Has the board / leadership team sat through a tabletop exercise involving a realistic crisis scenario in the last 12 months?
Demonstrate that executive leadership has actively participated in a simulated cybersecurity crisis scenario within the past 12 months to validate governance-level incident response readiness and decision-making capabilities.
Description
What this control does
This control requires the organization's board of directors or executive leadership team to participate in a structured tabletop exercise simulating a realistic cybersecurity crisis, such as a ransomware attack, data breach, or critical system compromise, at least annually. The exercise tests executive decision-making, communication protocols, regulatory notification procedures, and coordination between technical responders and business leaders during a high-stakes incident. Regular executive participation ensures governance awareness of cyber risk, validates incident response plans at the highest level, and prepares leadership to manage reputational, legal, and operational consequences of real incidents.
Control objective
What auditing this proves
Demonstrate that executive leadership has actively participated in a simulated cybersecurity crisis scenario within the past 12 months to validate governance-level incident response readiness and decision-making capabilities.
Associated risks
Risks this control addresses
- Executive leadership makes uninformed or contradictory decisions during an actual cyber incident due to lack of practical experience with crisis protocols
- Delayed executive approval for critical incident response actions such as system shutdowns, ransom payment decisions, or public disclosure
- Board fails to understand legal, regulatory, and reputational implications of breach notification timelines and obligations
- Miscommunication between technical incident responders and executive decision-makers leads to escalated damage or prolonged recovery
- Leadership underestimates resource requirements for incident response, leading to inadequate budget allocation or vendor engagement delays
- Lack of executive familiarity with cyber insurance policy triggers and claim procedures results in coverage gaps during actual incidents
- Organization fails to meet regulatory expectations for board-level cyber risk oversight demonstrated through scenario-based testing
Testing procedure
How an auditor verifies this control
- Request documentation of all tabletop exercises conducted in the past 12 months, including agendas, scenarios, and participant lists.

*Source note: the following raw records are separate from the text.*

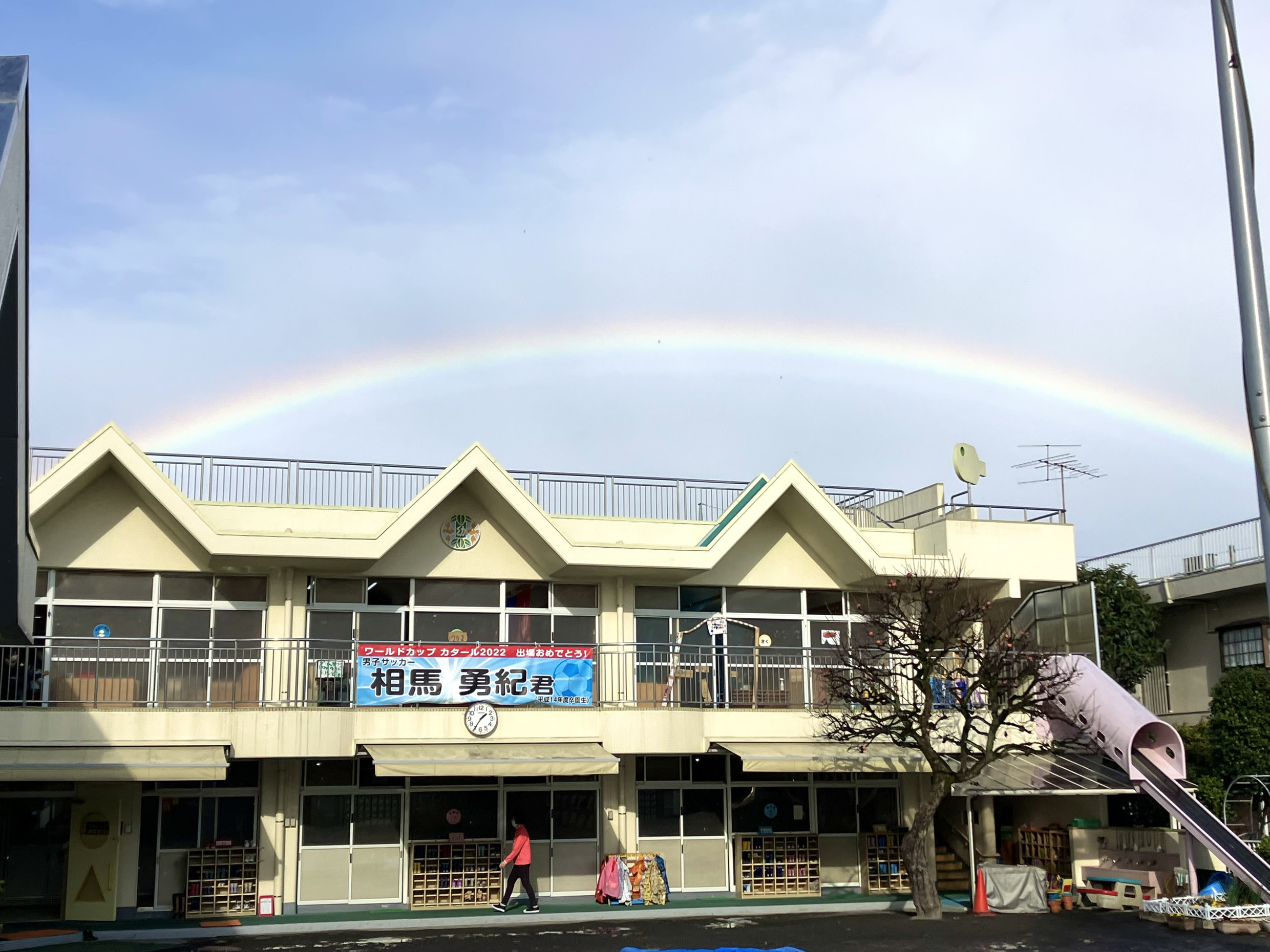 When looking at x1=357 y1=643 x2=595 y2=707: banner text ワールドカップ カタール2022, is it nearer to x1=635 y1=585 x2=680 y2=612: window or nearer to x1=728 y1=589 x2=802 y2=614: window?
x1=635 y1=585 x2=680 y2=612: window

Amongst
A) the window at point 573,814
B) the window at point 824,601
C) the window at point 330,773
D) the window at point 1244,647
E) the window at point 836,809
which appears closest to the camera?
the window at point 330,773

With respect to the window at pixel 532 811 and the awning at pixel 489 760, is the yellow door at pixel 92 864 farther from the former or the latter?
the window at pixel 532 811

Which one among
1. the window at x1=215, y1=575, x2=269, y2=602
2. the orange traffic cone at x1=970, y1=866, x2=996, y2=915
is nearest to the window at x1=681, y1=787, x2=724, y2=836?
the orange traffic cone at x1=970, y1=866, x2=996, y2=915

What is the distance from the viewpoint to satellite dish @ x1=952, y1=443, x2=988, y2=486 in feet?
83.4

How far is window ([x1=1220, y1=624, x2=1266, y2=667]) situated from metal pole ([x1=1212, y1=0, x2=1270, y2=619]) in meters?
23.2

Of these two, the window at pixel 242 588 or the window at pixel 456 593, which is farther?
the window at pixel 456 593

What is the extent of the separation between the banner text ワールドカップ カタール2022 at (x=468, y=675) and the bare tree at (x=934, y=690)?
4.66 m

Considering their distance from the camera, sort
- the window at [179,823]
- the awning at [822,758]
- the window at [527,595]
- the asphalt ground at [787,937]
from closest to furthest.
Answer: the asphalt ground at [787,937], the window at [179,823], the awning at [822,758], the window at [527,595]

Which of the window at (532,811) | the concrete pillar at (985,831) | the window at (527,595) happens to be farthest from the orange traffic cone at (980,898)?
the window at (527,595)

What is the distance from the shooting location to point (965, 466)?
25.5m

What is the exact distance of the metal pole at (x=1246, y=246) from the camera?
7445mm

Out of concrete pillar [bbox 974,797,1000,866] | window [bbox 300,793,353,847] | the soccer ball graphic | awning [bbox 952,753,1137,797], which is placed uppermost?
the soccer ball graphic

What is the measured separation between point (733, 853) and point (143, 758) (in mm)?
10630

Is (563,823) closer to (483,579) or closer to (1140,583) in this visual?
(483,579) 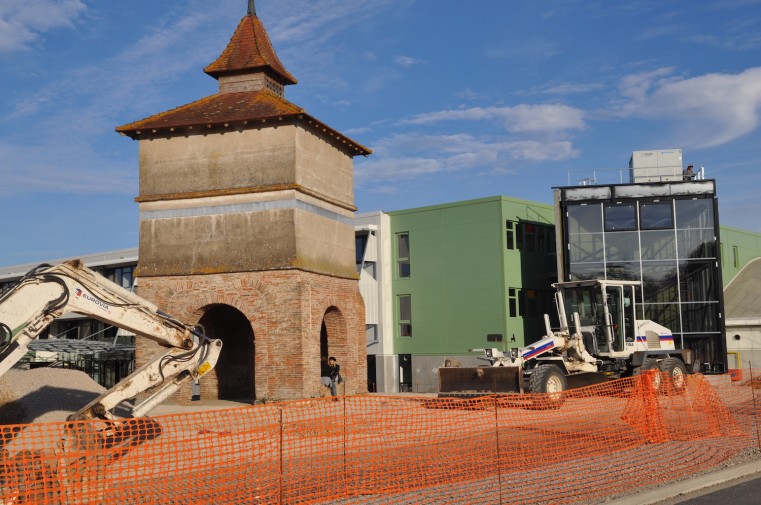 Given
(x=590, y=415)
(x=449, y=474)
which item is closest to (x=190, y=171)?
(x=590, y=415)

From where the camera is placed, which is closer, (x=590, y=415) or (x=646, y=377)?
(x=646, y=377)

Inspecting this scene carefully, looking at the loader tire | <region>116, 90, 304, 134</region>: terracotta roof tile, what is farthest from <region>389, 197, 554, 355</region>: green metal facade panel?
the loader tire

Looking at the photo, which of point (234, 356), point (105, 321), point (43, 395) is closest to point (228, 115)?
point (234, 356)

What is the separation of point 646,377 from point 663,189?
24261mm

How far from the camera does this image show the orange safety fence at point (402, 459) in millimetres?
9625

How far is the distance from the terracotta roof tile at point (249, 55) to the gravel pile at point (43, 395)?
40.6 feet

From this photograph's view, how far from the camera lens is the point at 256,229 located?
25484mm

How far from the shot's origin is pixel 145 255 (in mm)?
26328

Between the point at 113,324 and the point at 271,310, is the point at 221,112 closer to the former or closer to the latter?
the point at 271,310

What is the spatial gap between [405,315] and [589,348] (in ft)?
63.1

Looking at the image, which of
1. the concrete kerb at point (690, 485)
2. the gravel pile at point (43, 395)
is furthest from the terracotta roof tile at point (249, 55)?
the concrete kerb at point (690, 485)

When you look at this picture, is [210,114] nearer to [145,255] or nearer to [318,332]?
[145,255]

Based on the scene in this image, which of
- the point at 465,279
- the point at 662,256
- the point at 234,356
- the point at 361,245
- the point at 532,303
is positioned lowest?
the point at 234,356

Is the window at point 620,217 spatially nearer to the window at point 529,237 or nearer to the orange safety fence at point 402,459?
the window at point 529,237
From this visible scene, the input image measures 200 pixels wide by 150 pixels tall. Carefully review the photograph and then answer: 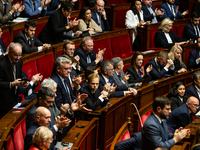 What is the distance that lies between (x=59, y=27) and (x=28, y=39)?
291mm

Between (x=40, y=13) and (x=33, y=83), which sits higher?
(x=40, y=13)

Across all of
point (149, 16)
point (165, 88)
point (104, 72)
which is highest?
point (149, 16)

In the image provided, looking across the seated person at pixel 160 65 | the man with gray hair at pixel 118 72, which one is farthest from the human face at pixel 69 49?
the seated person at pixel 160 65

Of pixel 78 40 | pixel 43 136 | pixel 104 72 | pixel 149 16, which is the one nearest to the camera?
pixel 43 136

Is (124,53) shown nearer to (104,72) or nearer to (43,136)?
(104,72)

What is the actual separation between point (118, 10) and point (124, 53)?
1.74ft

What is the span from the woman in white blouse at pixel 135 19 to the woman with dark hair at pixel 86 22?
1.31 ft

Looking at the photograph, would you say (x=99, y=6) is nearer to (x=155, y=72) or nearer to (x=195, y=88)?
(x=155, y=72)

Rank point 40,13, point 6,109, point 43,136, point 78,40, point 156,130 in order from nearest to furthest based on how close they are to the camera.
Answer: point 43,136, point 156,130, point 6,109, point 78,40, point 40,13

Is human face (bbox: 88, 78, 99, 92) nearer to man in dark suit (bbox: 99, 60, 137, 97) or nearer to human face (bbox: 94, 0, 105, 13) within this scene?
man in dark suit (bbox: 99, 60, 137, 97)

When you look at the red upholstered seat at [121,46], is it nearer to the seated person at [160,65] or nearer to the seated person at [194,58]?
the seated person at [160,65]

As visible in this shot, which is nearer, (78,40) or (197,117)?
(197,117)

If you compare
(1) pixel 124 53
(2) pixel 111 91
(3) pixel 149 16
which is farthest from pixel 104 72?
(3) pixel 149 16

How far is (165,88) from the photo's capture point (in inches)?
87.9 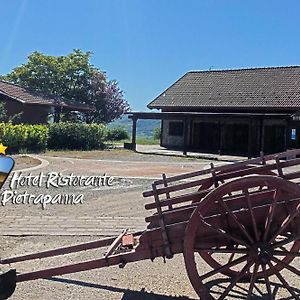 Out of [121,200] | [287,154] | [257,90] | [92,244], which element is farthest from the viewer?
[257,90]

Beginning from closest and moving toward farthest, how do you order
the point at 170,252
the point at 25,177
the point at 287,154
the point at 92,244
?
the point at 170,252
the point at 287,154
the point at 92,244
the point at 25,177

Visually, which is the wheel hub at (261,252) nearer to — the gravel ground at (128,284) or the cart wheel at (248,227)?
the cart wheel at (248,227)

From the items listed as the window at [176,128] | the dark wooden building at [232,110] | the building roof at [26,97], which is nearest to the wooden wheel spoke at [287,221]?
the dark wooden building at [232,110]

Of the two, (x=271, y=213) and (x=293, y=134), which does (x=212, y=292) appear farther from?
(x=293, y=134)

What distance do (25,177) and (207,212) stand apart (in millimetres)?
9985

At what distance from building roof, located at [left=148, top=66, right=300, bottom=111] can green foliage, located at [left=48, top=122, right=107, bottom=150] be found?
7.40 meters

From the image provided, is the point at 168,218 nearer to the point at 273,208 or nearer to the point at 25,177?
the point at 273,208

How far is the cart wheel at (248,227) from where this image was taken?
3.61m

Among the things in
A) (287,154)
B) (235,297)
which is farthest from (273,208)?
(235,297)

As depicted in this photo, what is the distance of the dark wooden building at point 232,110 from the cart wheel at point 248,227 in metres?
22.5

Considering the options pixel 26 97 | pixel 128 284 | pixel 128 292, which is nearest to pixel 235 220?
pixel 128 292

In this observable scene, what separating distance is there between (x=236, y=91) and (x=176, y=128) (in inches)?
212

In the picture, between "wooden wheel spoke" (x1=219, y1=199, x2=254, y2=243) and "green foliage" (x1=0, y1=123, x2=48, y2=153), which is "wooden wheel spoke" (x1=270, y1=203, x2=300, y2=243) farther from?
"green foliage" (x1=0, y1=123, x2=48, y2=153)

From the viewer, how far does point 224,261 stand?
5250 millimetres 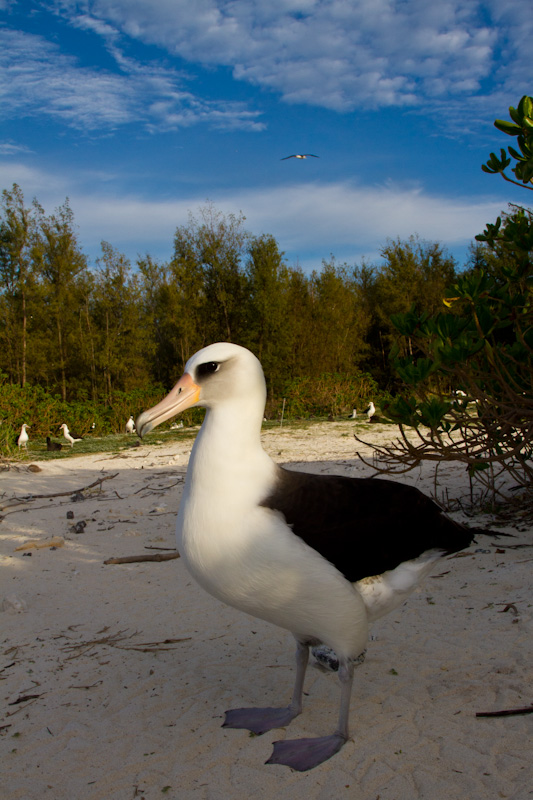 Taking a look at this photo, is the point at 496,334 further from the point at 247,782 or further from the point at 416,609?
the point at 247,782

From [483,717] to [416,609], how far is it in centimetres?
144

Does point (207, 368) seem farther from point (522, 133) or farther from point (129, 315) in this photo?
point (129, 315)

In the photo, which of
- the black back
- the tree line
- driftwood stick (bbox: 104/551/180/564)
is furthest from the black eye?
the tree line

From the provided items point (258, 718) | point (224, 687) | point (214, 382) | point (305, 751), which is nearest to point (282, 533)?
point (214, 382)

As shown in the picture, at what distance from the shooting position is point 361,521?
2703 mm

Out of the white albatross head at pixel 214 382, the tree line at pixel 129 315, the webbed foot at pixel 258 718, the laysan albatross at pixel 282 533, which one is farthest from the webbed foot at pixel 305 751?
the tree line at pixel 129 315

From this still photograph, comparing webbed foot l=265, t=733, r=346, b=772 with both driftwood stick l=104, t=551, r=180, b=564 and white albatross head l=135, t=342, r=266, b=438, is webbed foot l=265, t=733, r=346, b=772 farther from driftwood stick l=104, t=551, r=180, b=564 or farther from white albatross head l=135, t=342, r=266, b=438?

- Verify that the most recent exercise occurred within the last 12 months by reviewing the dated agenda or facilitator report.
- Confirm that board members or C-level executives (CEO, CFO, COO, or equivalent) are listed as participants in the attendance records or sign-in sheets.
- Review the exercise scenario to verify it simulates a realistic cybersecurity crisis (e.g., ransomware, data breach, supply chain compromise) requiring executive decision-making rather than purely technical response.
- Examine exercise facilitation materials to confirm the scenario included decision points requiring executive action such as regulatory notification, public communication, vendor engagement, or business continuity activation.
- Interview the exercise facilitator or CISO to confirm the exercise tested governance-level processes including legal consultation, board notification procedures, and communication with external stakeholders.
- Review post-exercise documentation such as after-action reports, gap analysis, or improvement plans to verify leadership participation was documented and findings were captured.
- Confirm that any critical gaps or action items identified during the exercise have been assigned ownership and tracked through remediation or policy updates.